2. Determinar el grado de diferenciación genética de las poblaciones estudiadas comparándolas con otras del continente sudamericano mediante Multidimesional Scalling (MDS) a partir de la matriz de distancias Rst.
3. Valorar el grado de mestizaje de las poblaciones benianas.
4. Comparar los resultados de diversidad genética entre las distintas poblaciones utilizando diferentes distancias genéticas para generar árboles filogenéticos Neighbor joining.
Publicación 8
: Tirado M., López-Parra A.M., Baeza C., Bert F., Corella A., Pérez- Pérez A., Turbón D. y Arroyo-Pardo E. Y-chromosome haplotypes defined by 17 STRs included in AmpFlSTR Y filer PCR Amplification Kit in a multi ethnical population from El Beni Department (North Bolivia) (2009) Leg. Med.11(2): 101-103
1. Analizar 17 marcadores Y-STR en una población multiétnica del departamento del Beni (Bolivia).
2. Determinar el grado de diferenciación genética de las poblaciones estudiadas comparándolas con otras del continente sudamericano mediante Multidimesional Scalling (MDS) a partir de la matriz de distancias Rst.
Publicación 9
: Bert F, Corella A, Pérez-Pérez A,Gené M, and Turbón D. Piedmontand Llanos de Moxos living in the Beni Department (Bolivia) characterized by HUMTH01, HUMVWA31A, HUMCSF1PO and HUMTPOX polymorphisms. (en preparación)
1. Caracterizar una muestra de población Aymará; Chimane; Ignaciano; Mosetén; Movima; Quechua; Trinitario; Yuracaré del departamento del Beni para los marcadores genéticos STRs, HUMTH01, HUMVWA31A, HUMCSF1PO y HUMTPOX.

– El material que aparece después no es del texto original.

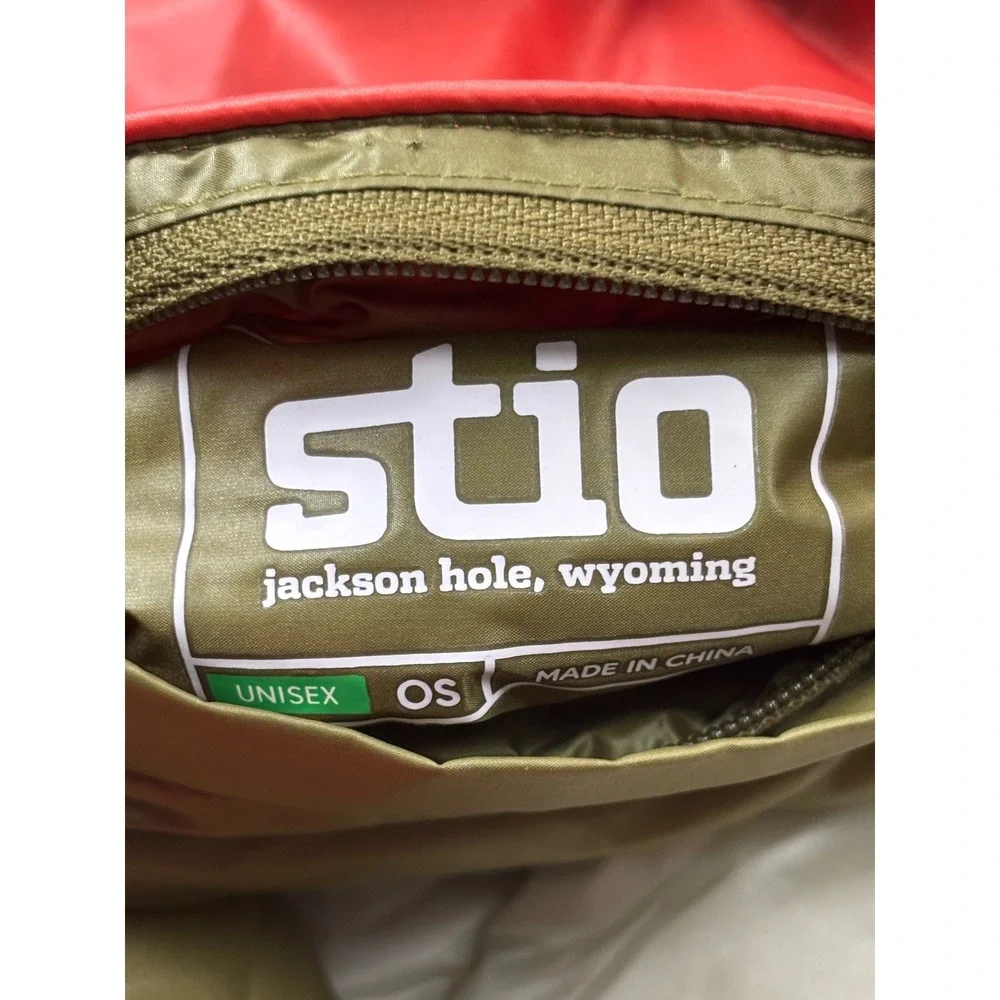 Stio Hometown Puffer Scarf Quilted Goose Down Filled Snap Wrap Scarf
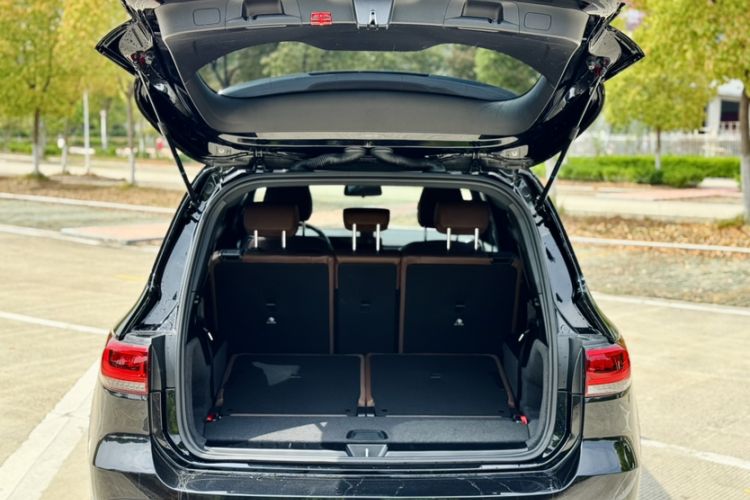 Used Mercedes-Benz GLB 2022 Second Facelift GLB 200 Fashion Edition Trunk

2. Determinar la posible divergencia del equilibrio Hardy-Weinberg para cada marcador y para población.
3. Calcular el desequilibrio de ligamiento para los distintos marcadores en las diferentes poblaciones.

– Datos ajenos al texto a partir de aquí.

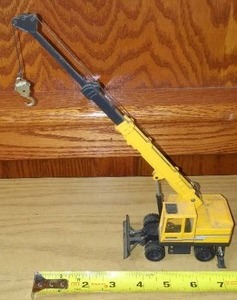 lot 100 image: Akerman EQ200 Crane.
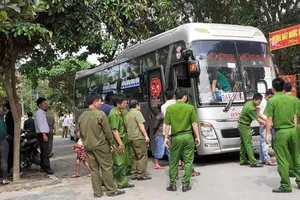 Có tiếng nổ sau va chạm giữa nhiều người trên 2 ô tô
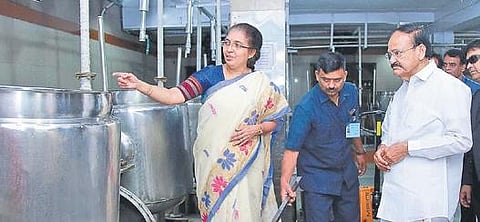 Vice President Venkaiah Naidu, visited Adamya Chetana’s zero garbage kitchen, along with Managing Trustee of the Foundation Tejaswini Ananth Kumar, on Tuesday | express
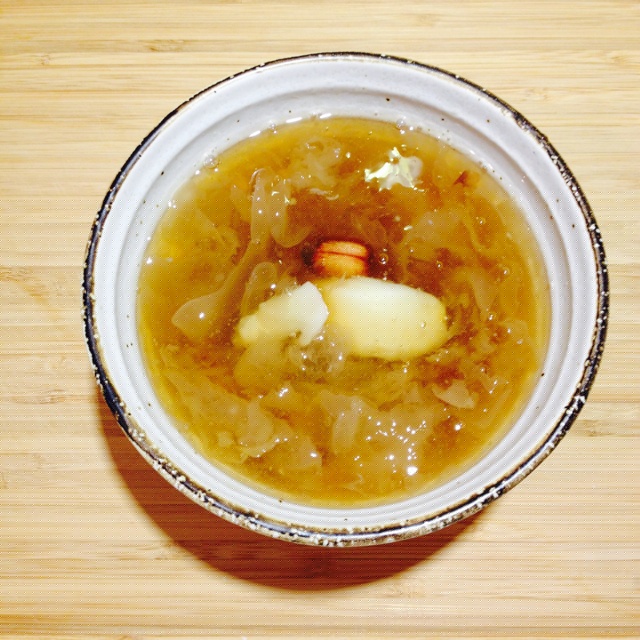 薏米莲子百合银耳汤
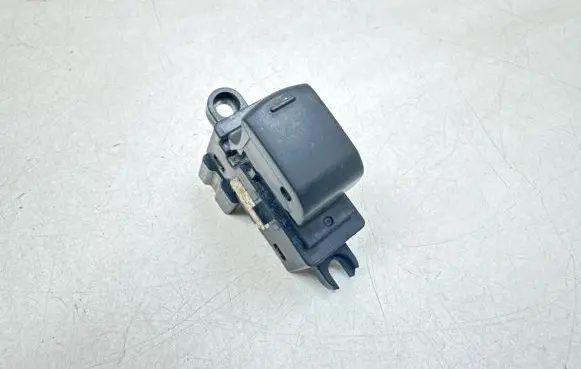 Nissan Qashqai Electric window control switch 411JD000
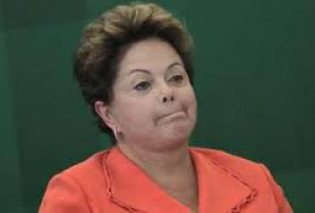Ação para investigar Dilma por compra de refinaria é "eleitoral", diz Cardozo Ação para investigar Dilma por compra de refinaria é "eleitoral", diz Cardozo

4. Calcular los valores de poder de discriminación y oportunidad de exclusión.
5. Determinar la similitud genética entre las distintas poblaciones sudamericanas incluidas las del presente trabajo mediante la técnica de Análisis de componentes principales, tècnicas Kriging de interpolación lineal y árboles filogenéticos UPGMA.